DeSantis is rolling out one hard-right proposal after another to make news and price he is meaner and badder than Trump. Undocumented people come here to work, and he wants to be certain that no one will hire them, not even to pick crops, clean hotel rooms or do the dishes in restaurants.

Gov. Ron DeSantis on Thursday revived a push to adopt more stringent hiring protocols to prevent the employment of undocumented workers, acknowledging that a state law he championed during his first term in office has been ineffective.

Florida law currently requires all government employers and their contractors to use a federal electronic system, known as E-Verify, to check the immigration status of new hires.

DeSantis, however, says the mandate should be expanded to include all private employers in the state, saying the current law was a “compromise” reached by the Legislature following pushback from Florida’s agriculture, tourism and construction industries.

“We ended up with a compromise version that was inadequate,” DeSantis said at a press conference in Jacksonville. Now, DeSantis wants the Republican-led Legislature to help him deliver on the promise he made to voters when he first ran for governor in 2018.
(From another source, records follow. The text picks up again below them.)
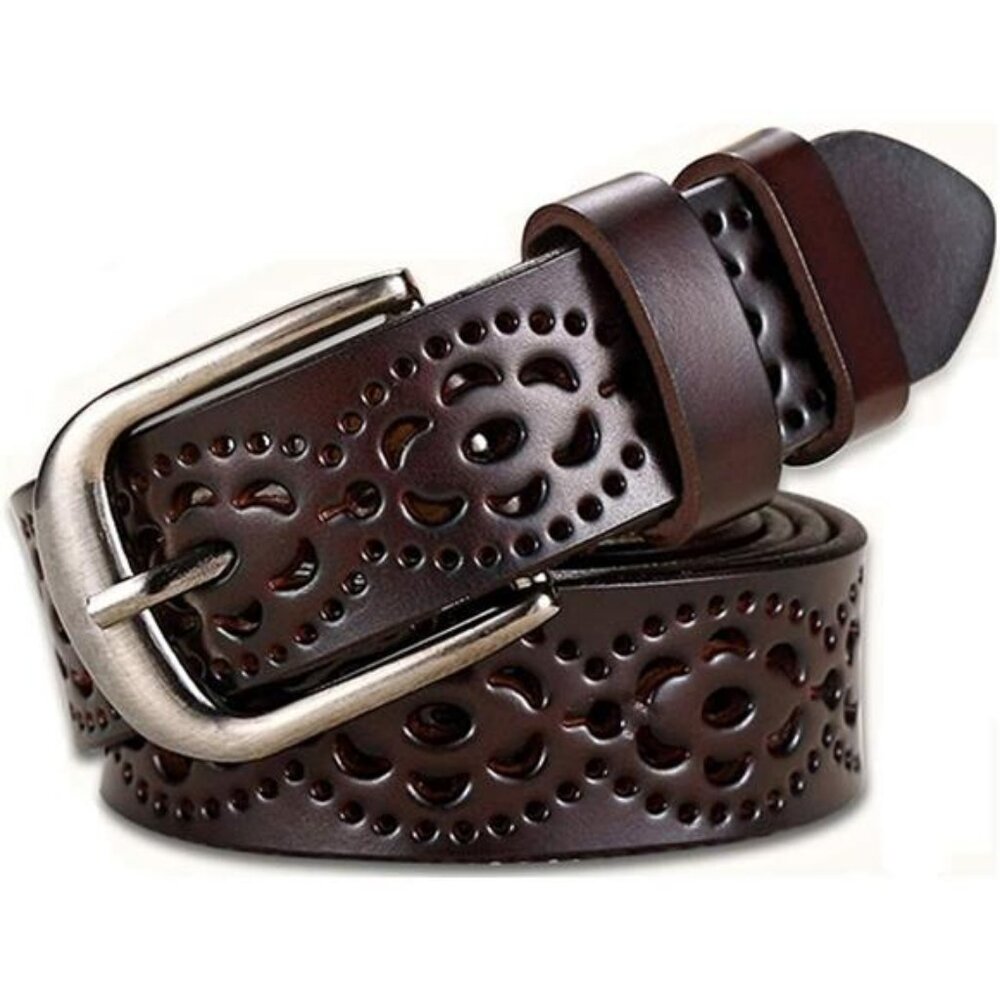 Women's Belt Hollow Flower Genuine Leather Belt for Jeans Pants with Alloy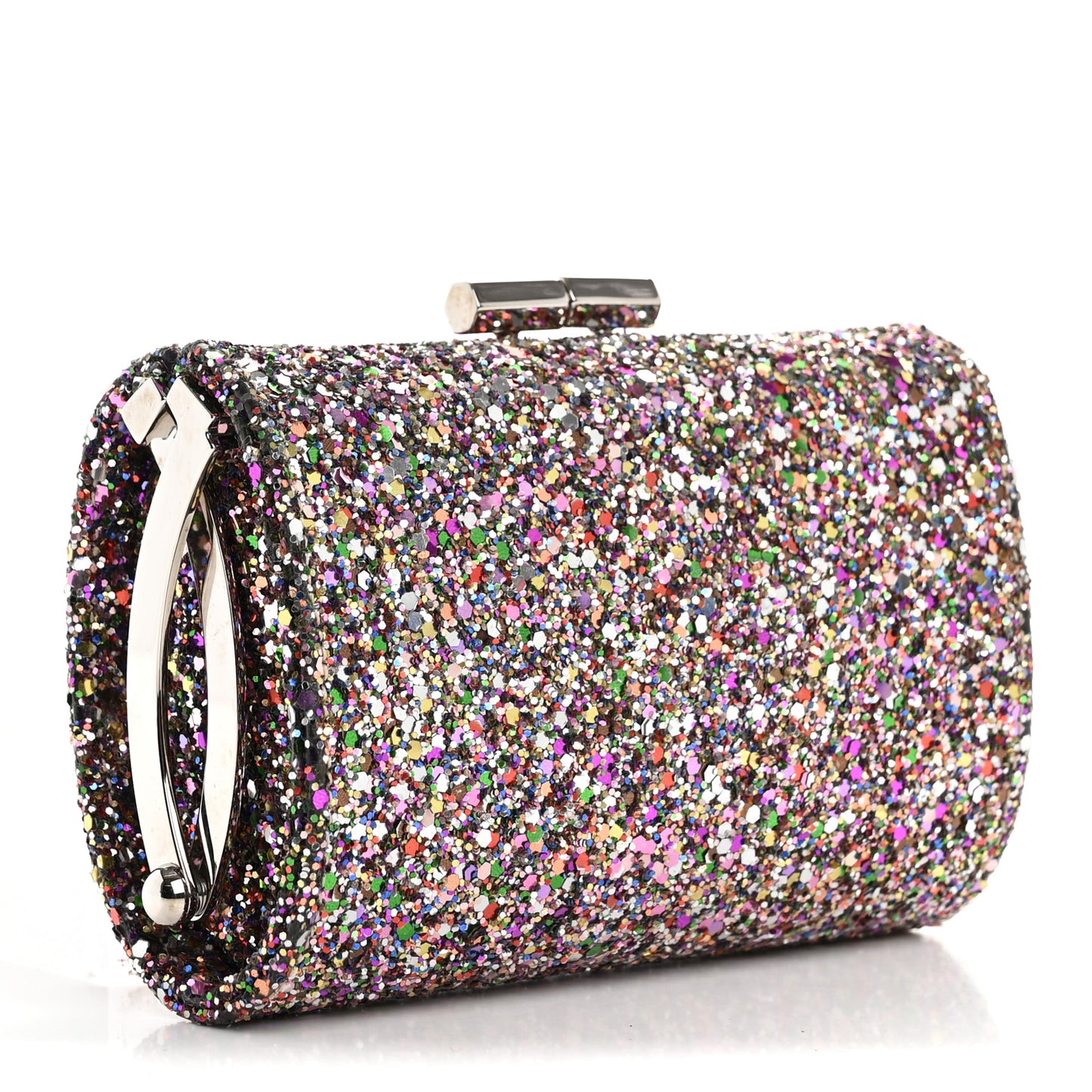 Coarse Glitter Kiss Lock Clutch Bubblegum Mix
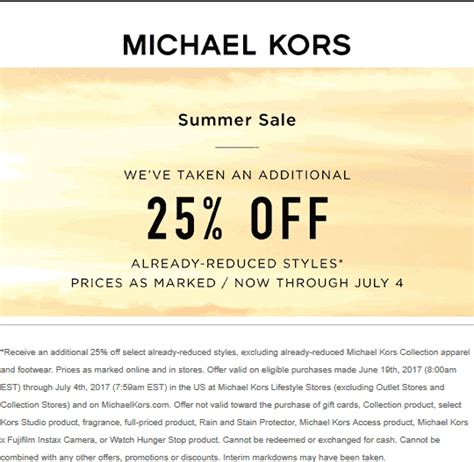 michael kors 25 off|Michael Kors amex offer.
After overwhelming Republican victories in 2022, DeSantis argued, the “political context” is working in his favor this time around.

“Now, we have super majorities in the Legislature,” DeSantis said. “We have, I think, a strong mandate to be able to implement the policies that we ran on and these are policies that I’ve been for since the day I became governor over four years ago.”

The E-Verify proposal is part of a larger immigration package that DeSantis is building ahead of a possible run for the Republican nomination for president in 2024, and that he is expected to use to attack President Joe Biden’s immigration policy to reach conservative voters not just in Florida, but on a national level.

To further bolster his immigration platform, DeSantis wants, among other things, to ban out-of-state tuition waivers at colleges and universities for undocumented students and prohibit local governments from issuing identification cards to migrants.